Without altering a word, return the records below, but exclude the pictures.

*** Opening Records supplied ***

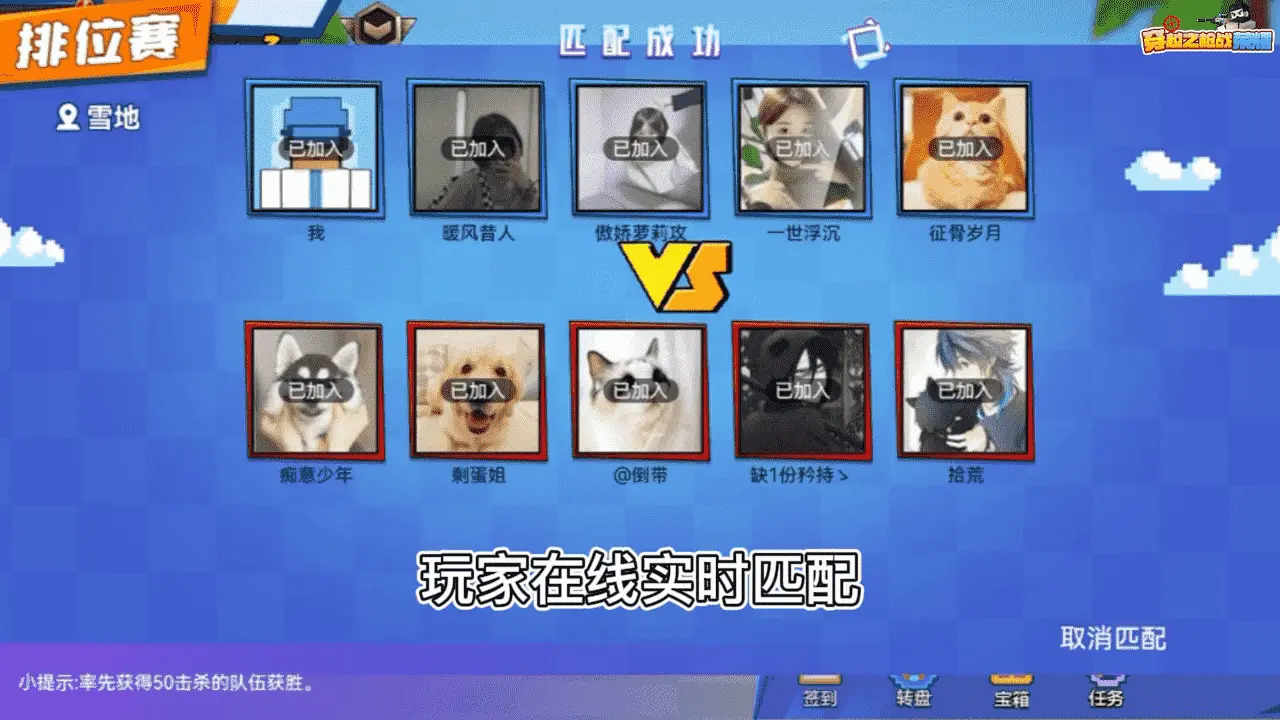 我手速无敌_3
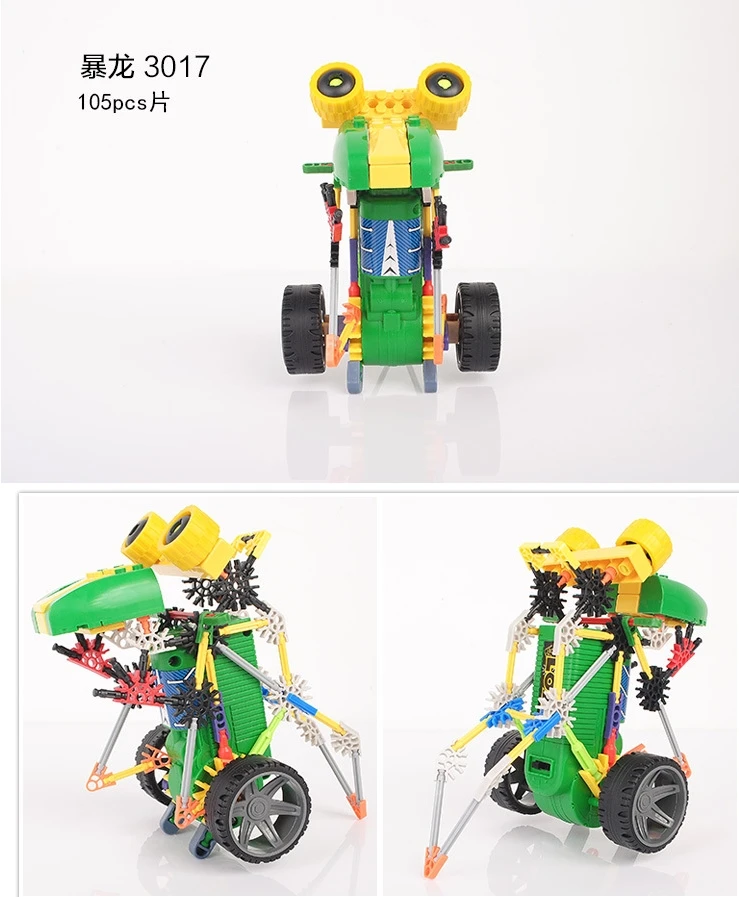 LOZ Moteur Blocs de Construction Robotique Tyrannosaur Robot T Rex Dinosaure Action Modele Jouets DIY Batterie Marcher Jouet|blocs construction|robot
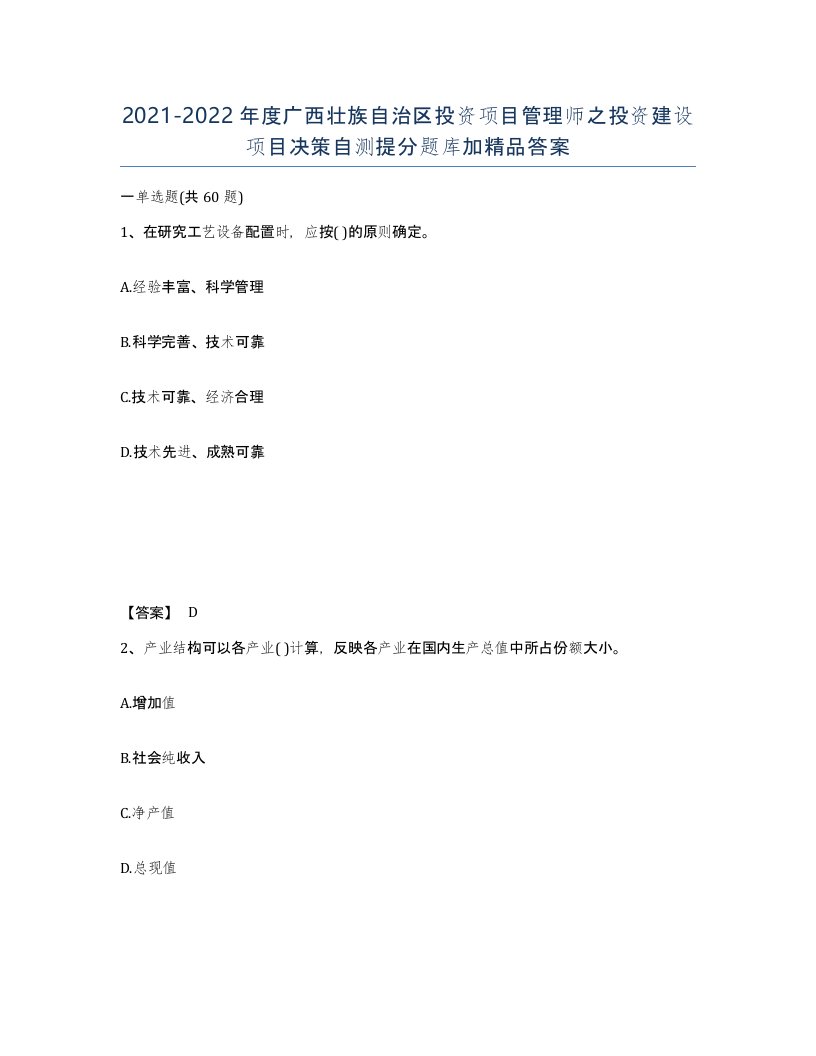 2021-2022年度广西壮族自治区投资项目管理师之投资建设项目决策自测提分题库加答案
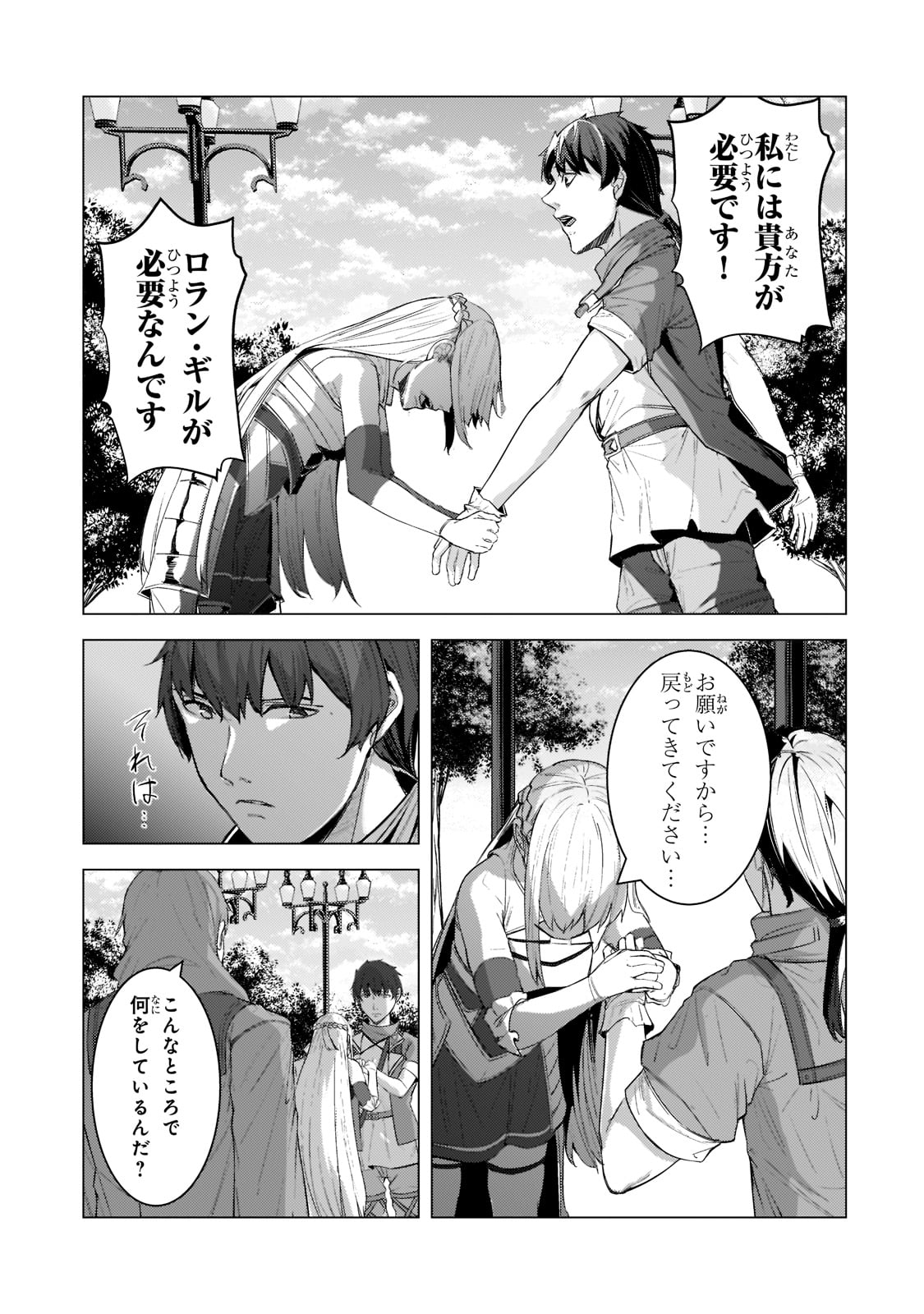 THE KICKED OUT S-RANK APPRAISER CREATES THE STRONGEST GUILD - raw - Chapter 12 - https://jpdd.ccdd.to/JPDD/thekickedoutsrankappraisercreatesthestrongestguild/203149/y4mntga0i2d.jpg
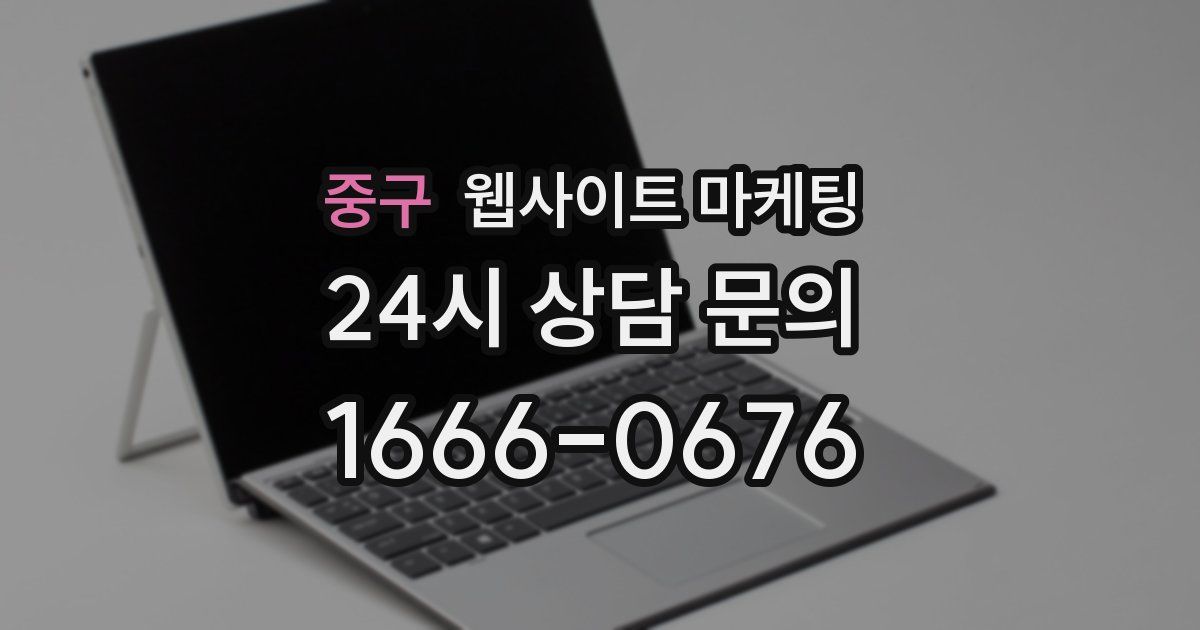 중구 웹사이트 마케팅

*** Closing Records supplied ***

_Result of the exercise_
 我手速无敌_3
 LOZ Moteur Blocs de Construction Robotique Tyrannosaur Robot T Rex Dinosaure Action Modele Jouets DIY Batterie Marcher Jouet|blocs construction|robot
 2021-2022年度广西壮族自治区投资项目管理师之投资建设项目决策自测提分题库加答案
 THE KICKED OUT S-RANK APPRAISER CREATES THE STRONGEST GUILD - raw - Chapter 12 - https://jpdd.ccdd.to/JPDD/thekickedoutsrankappraisercreatesthestrongestguild/203149/y4mntga0i2d.jpg
 중구 웹사이트 마케팅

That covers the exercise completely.